Frank Sinatra and his daughter, Nancy, in 1966.
TV KEYNOTES
MIAMI It was 40 years ago, but the memory still shimmers: Exhausted and incognito, Nancy Sinatra was sitting at a back table at the Fontainebleau relaxing the best way she could imagine — listening to her dad sing. Suddenly the show took an unexpected turn. “My daughter’s here, just back from Vietnam,” Frank Sinatra told the audience. “Chicken, why don’t you come up here and sing one?”
“He always called me Chicken,” Nancy remembers, amusement and affection rippling through her voice. “That was the last thing I wanted to do, sing at a fancy venue like the Fontainebleau. I wasn’t dressed properly. My hair wasn’t done. And I was tired. Vietnam had been difficult.
“But he wanted to show his support. I think he was very proud I had done that trip, singing for the troops. So I reluctantly got up and went to the stage.” She huddled briefly with Bill Miller, her father’s pianist, and moments later Miller hit the first wistful notes of a song that echoed from the swank La Ronde tables to the muddy Quang Tri foxholes, “My Buddy”:
“Nights are long since you went away”
“I think about you all through the day”
“My buddy, my buddy, no buddy quite so true …”
“The reaction … it was something,” she murmurs, lost in the recollection.
It was perhaps the first time the tough teenybopper chick singer had reached out across generations to her father’s aging hepcat audience, but far from the last. And with the 10th anniversary of Frank’s death, Nancy’s role as her dad’s biographer and chief celebrant has never been more urgent.
Today’s anniversary will kick off a major commemoration of Frank, starting with a new stamp bearing his jaunty Rat-Pack-era image, a CD with 22 remastered recordings from the final 30 years of his career, three DVD collections of his movies, and a month-long film festival on Turner Classic Movies.

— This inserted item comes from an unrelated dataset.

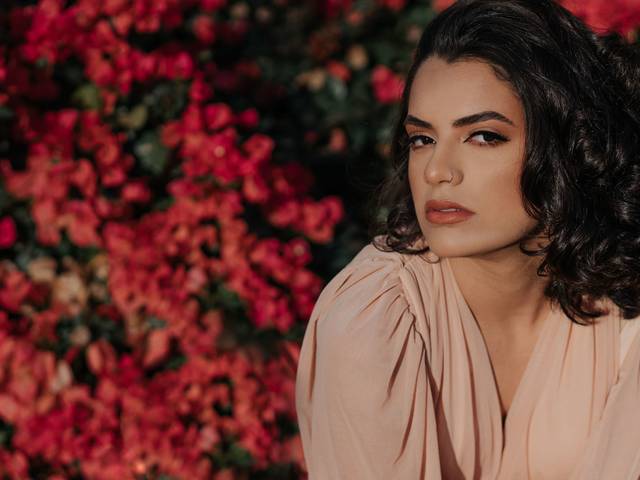 15 anos  de Julia Benites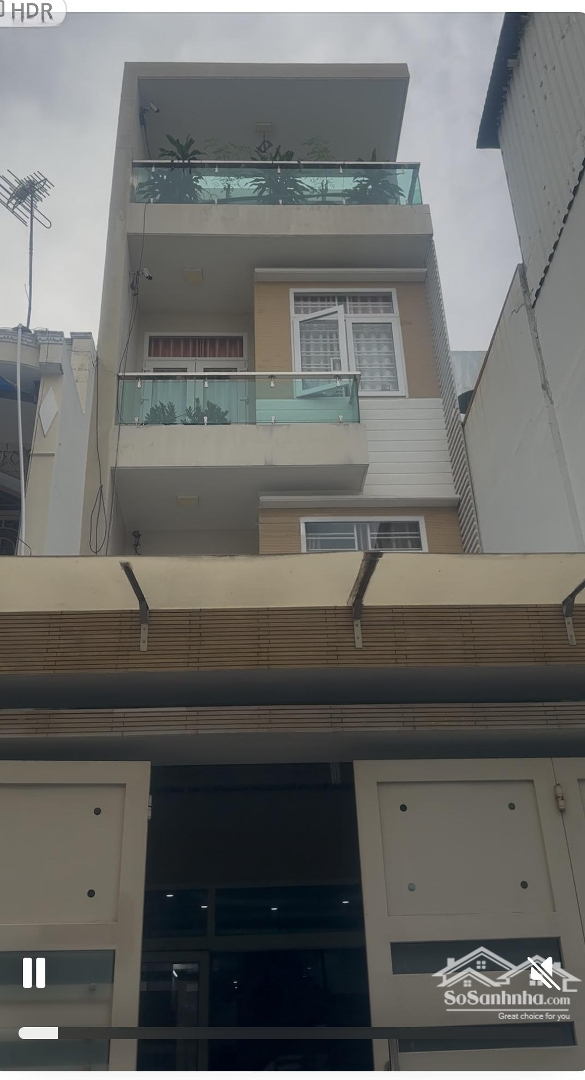 Nhà Xây Hiện Đại, Thông Thoáng,Diện Tíchsàn:315M2; Nhà Riêng Đang Ở.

Sinatra’s children are right at the heart of the campaign: Tina, 59, runs the business affairs; Frank Jr., 64, tours, performing his father’s songbook with the original big-band arrangements; and Nancy, 67, maintains FrankSinatra.com and does most of the public appearances.
Drumming up interest in a singer who hasn’t had a chart record (or, for that matter, an actor who hasn’t had a starring role) since 1980 isn’t as hard as you might think. Wannabes like Michael Buble and Harry Connick Jr. have introduced not only Frank’s music but his style to a new generation. Of the literally hundreds of homemade Sinatra videos on YouTube, a surprising number feature teenagers in sharkskin suits and tilted-just-so fedoras, swinging to “Fly Me To The Moon” or “I’ve Got You Under My Skin.”
“That’s what we’re trying to do, to project to young people what it was all about,” says Nancy. “The old-timers, the generation of my father, they certainly remember. I think my generation already knows, and I think my kids’ generation is generally pretty hip to it. Now we’re trying to reach the next one …
“It’s a handful, but it’s important, I think, because that legacy is so brilliant and the standard of excellence is so high. I’d like to teach a class to get some of this across.”
She does, in a way. Nancy hosts Siriusly Sinatra each Sunday on Sirius Satellite Radio, a show on which she plays an eclectic stream-of-consciousness mix of music that links her generation to her father’s, while dispensing what she calls “my little stories” about him. Some of those same anecdotes will be mixed into the Turner Classic Movies screenings of films from the Oscar-winning From Here to Eternity to the Rat Pack romp Ocean’s Eleven.
Perhaps the most surprising of the little stories is that Frank didn’t think he deserved the best-actor Oscar he won for playing the runty, pugnacious and doomed soldier Maggio in 1953’s From Here to Eternity.
“But he thought he DID deserve it for The Man with the Golden Arm,” the 1955 film for which he was nominated but lost out to Ernest Borgnine in Marty, Nancy recalls. “He felt he was extraordinary in that film. I do, too. It’s a great portrayal of a drug addict.”
Nancy’s personal favorites, though, tend to run to the light musical comedies her father made earlier in his career.
“Anchors Aweigh, where he and Gene Kelly are dressed up as sailors,” she says. “That was the first movie I ever saw. Or The Kissing Bandit, the Western. Everybody makes fun of that one, they’re ruthless. Even my dad — he made fun of it, too. But I thought he was so gorgeous in those costumes. I was a little girl in love with her dad.
“I like some of the action pictures like The Manchurian Candidate or Von Ryan’s Express. But the ones I watch over and over are the comedies. He was wonderful in those. The Tender Trap, High Society, Hole in The Head. (all of which air tonight on TCM beginning at 8 p.m.) I tend to put a movie on in the background when I’m working, and all I have to hear is a snatch of dialogue to make me smile.”